(Provided data)

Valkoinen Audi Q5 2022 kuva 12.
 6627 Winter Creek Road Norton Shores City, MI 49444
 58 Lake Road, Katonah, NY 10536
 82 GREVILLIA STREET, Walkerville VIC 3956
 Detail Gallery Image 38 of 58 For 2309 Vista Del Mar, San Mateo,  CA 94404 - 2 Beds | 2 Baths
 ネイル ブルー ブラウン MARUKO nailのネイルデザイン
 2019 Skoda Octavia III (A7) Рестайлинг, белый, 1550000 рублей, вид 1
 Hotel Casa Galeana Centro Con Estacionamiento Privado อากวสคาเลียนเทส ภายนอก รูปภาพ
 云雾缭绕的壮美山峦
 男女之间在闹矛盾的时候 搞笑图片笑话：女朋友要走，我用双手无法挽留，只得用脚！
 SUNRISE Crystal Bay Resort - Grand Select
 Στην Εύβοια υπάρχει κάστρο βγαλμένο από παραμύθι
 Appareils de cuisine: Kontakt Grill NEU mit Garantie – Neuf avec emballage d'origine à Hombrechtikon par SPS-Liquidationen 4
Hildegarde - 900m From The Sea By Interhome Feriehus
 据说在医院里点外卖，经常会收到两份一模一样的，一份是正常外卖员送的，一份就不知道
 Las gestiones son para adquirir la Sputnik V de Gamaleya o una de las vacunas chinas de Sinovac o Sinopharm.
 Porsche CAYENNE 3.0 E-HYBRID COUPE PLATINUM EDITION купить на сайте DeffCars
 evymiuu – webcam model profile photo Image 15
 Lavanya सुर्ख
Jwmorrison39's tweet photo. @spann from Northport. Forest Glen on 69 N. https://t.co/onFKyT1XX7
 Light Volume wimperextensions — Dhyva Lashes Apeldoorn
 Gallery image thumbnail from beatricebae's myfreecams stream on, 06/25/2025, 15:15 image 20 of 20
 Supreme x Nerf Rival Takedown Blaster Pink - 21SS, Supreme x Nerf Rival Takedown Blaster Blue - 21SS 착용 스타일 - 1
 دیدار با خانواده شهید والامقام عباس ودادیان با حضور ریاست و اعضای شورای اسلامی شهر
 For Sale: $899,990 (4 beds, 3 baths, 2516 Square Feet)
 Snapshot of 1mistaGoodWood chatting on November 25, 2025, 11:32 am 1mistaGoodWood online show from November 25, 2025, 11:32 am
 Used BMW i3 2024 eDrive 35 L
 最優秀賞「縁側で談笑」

(End Provided data)

What is being asked
Copy exactly the stretch of data above from the line with "SUNRISE Crystal Bay Resort - Grand Select" through the line with "Porsche CAYENNE 3.0", and omit all other lines.

Your solution
 SUNRISE Crystal Bay Resort - Grand Select
 Στην Εύβοια υπάρχει κάστρο βγαλμένο από παραμύθι
 Appareils de cuisine: Kontakt Grill NEU mit Garantie – Neuf avec emballage d'origine à Hombrechtikon par SPS-Liquidationen 4
Hildegarde - 900m From The Sea By Interhome Feriehus
 据说在医院里点外卖，经常会收到两份一模一样的，一份是正常外卖员送的，一份就不知道
 Las gestiones son para adquirir la Sputnik V de Gamaleya o una de las vacunas chinas de Sinovac o Sinopharm.
 Porsche CAYENNE 3.0 E-HYBRID COUPE PLATINUM EDITION купить на сайте DeffCars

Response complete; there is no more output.